## [Task instructions]
In the records that follow, find the line containing "Felt slice of honeycomb" and the line containing "empty room featuring", then transcribe both and every line between them exactly, omitting pictures.

## [Extracted information]
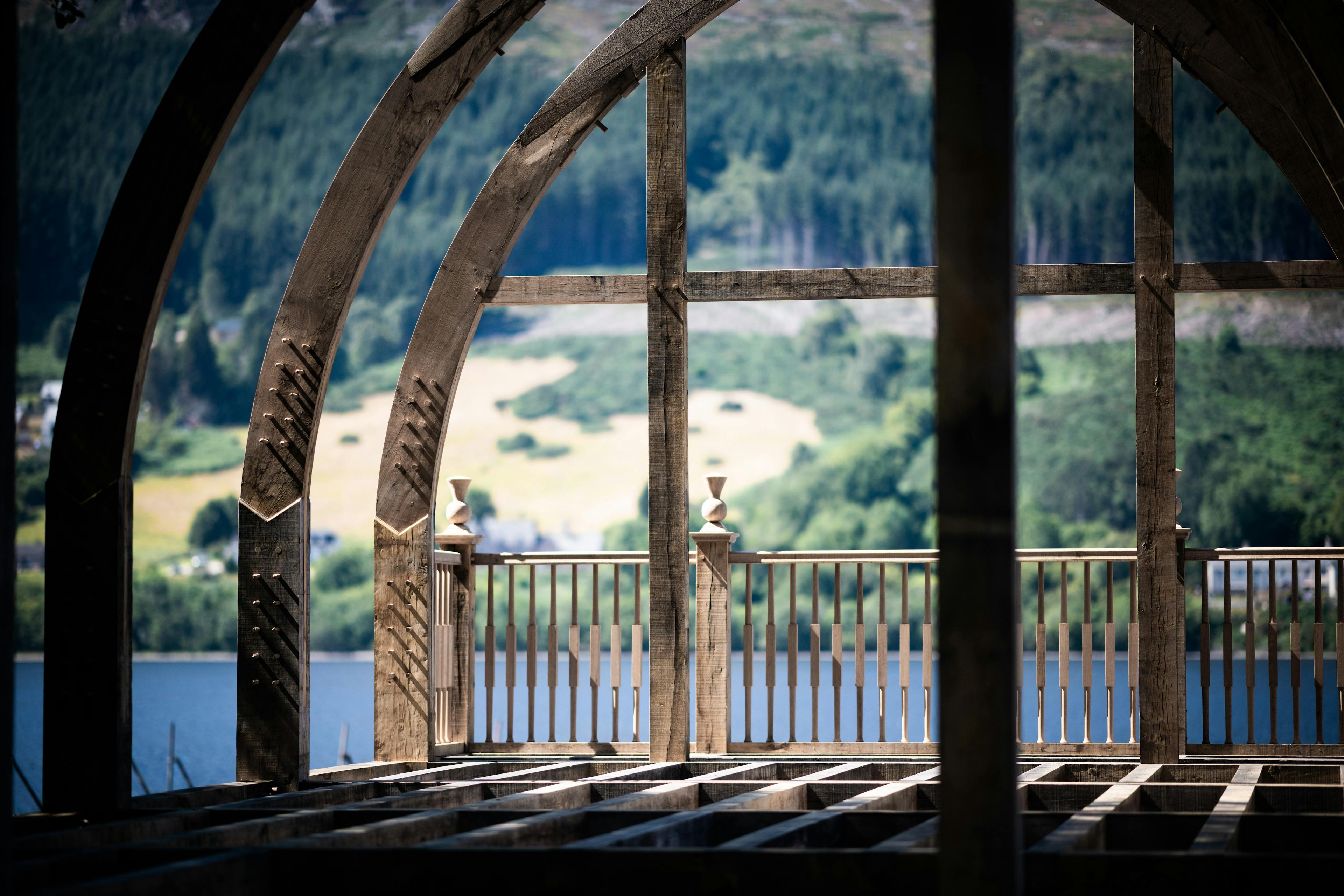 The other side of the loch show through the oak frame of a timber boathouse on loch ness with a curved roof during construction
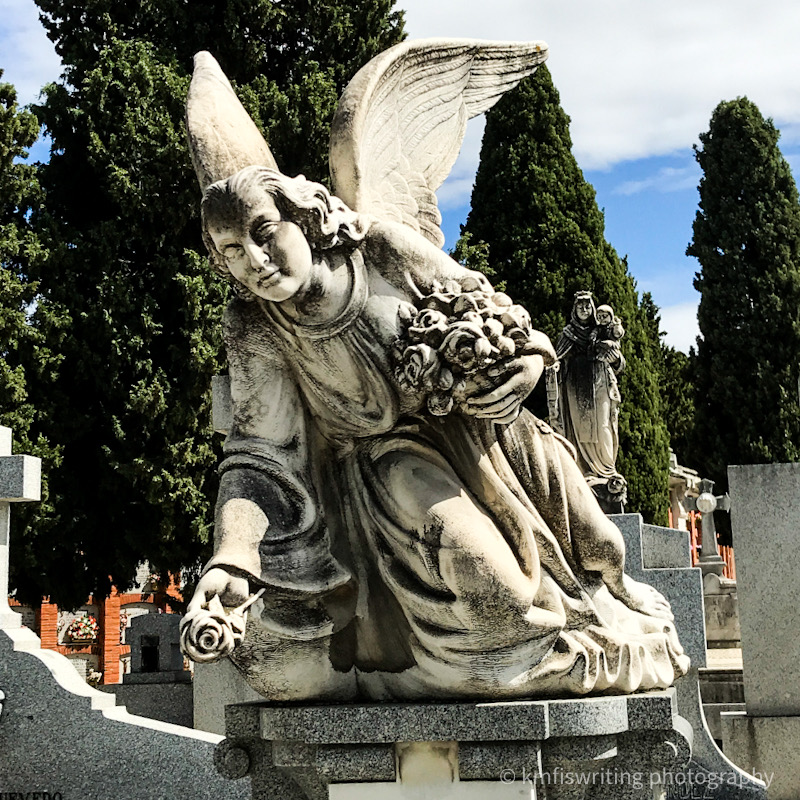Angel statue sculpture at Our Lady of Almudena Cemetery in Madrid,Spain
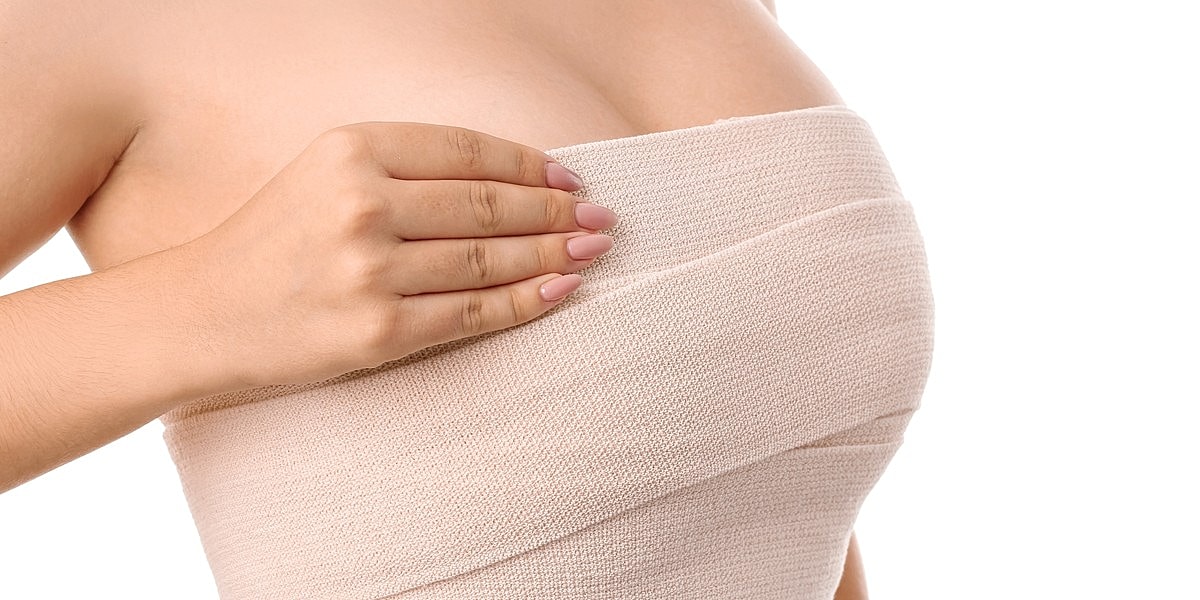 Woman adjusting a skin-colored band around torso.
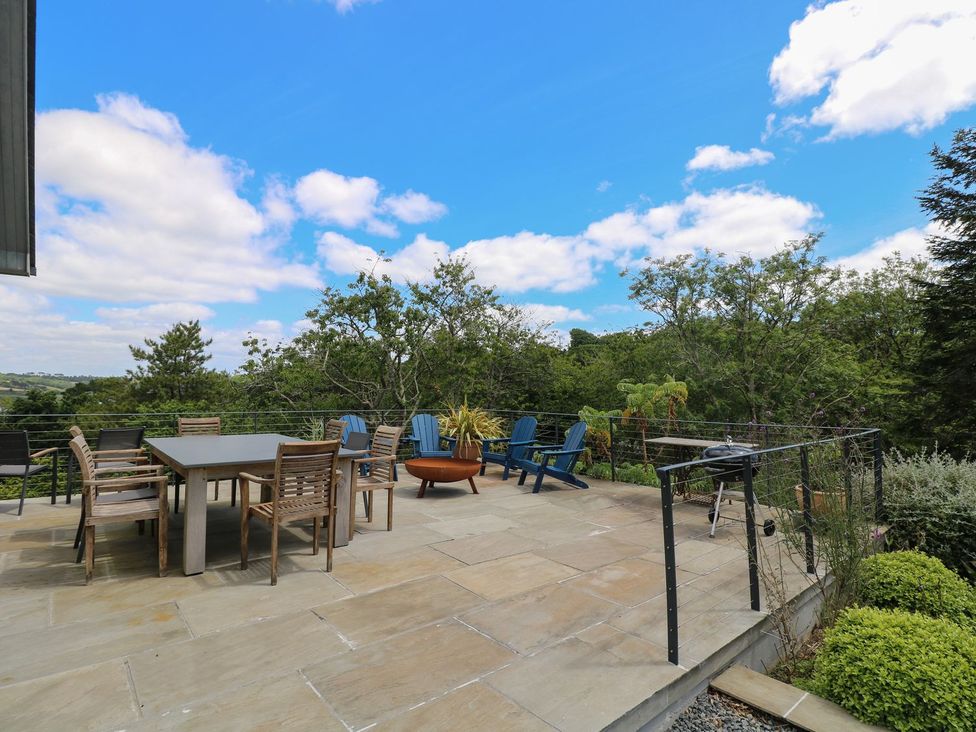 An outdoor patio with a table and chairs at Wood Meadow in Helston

...

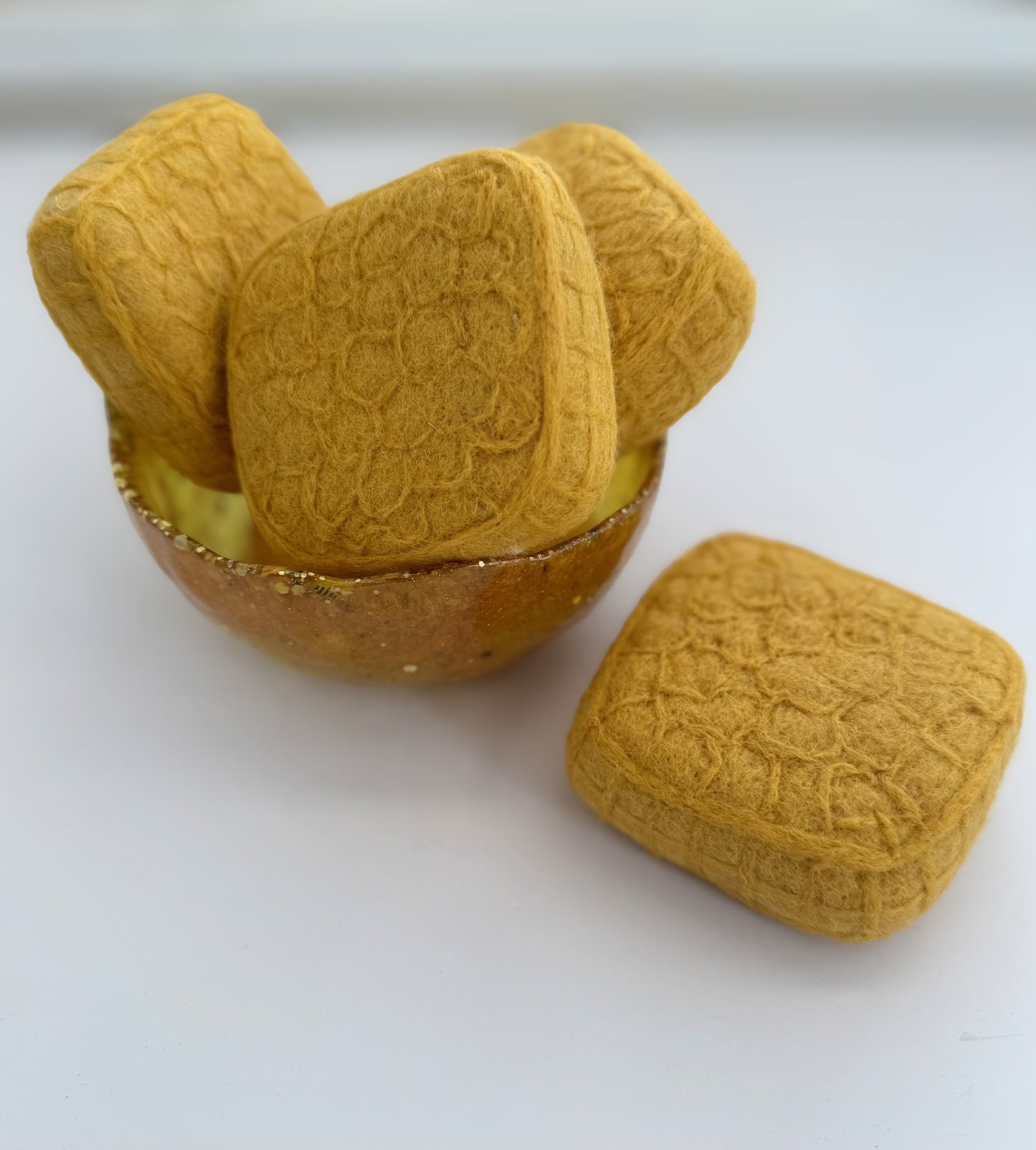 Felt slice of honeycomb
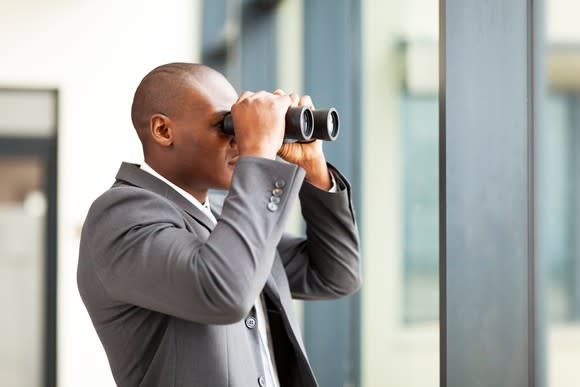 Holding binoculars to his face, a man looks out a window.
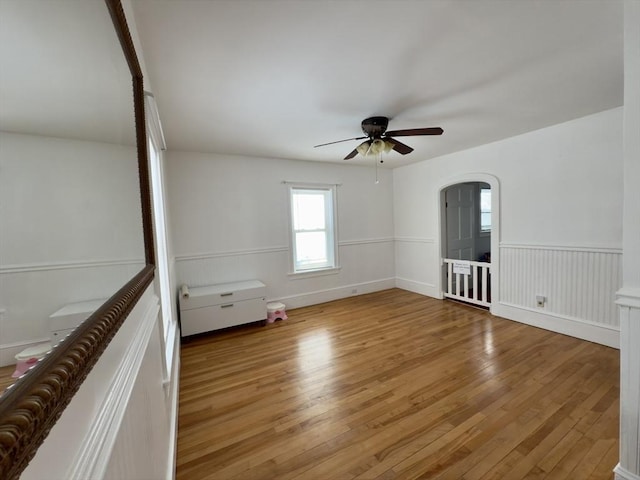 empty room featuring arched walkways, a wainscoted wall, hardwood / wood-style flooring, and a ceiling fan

...

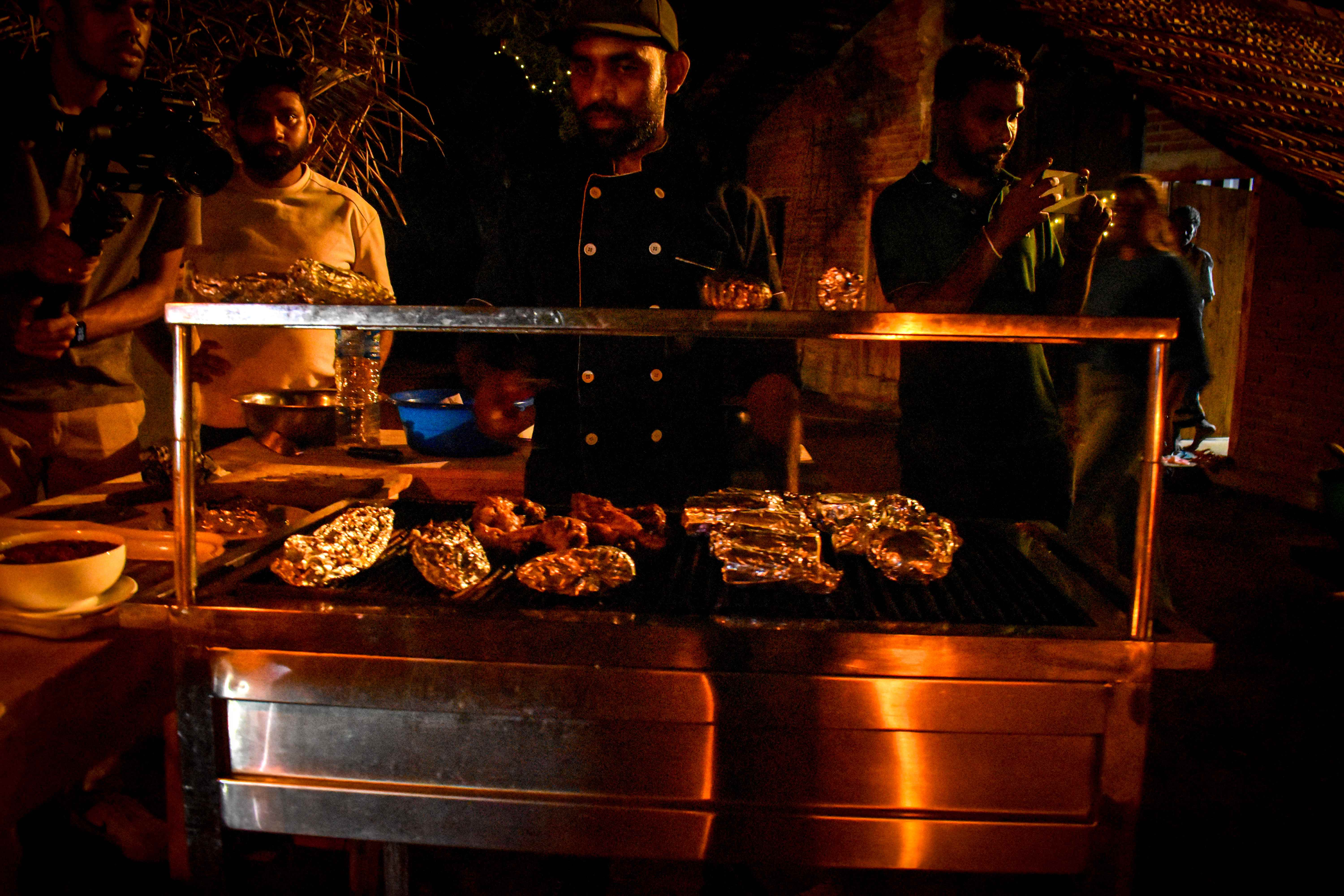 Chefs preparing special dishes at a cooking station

## [The answer]
 Felt slice of honeycomb
 Holding binoculars to his face, a man looks out a window.
 empty room featuring arched walkways, a wainscoted wall, hardwood / wood-style flooring, and a ceiling fan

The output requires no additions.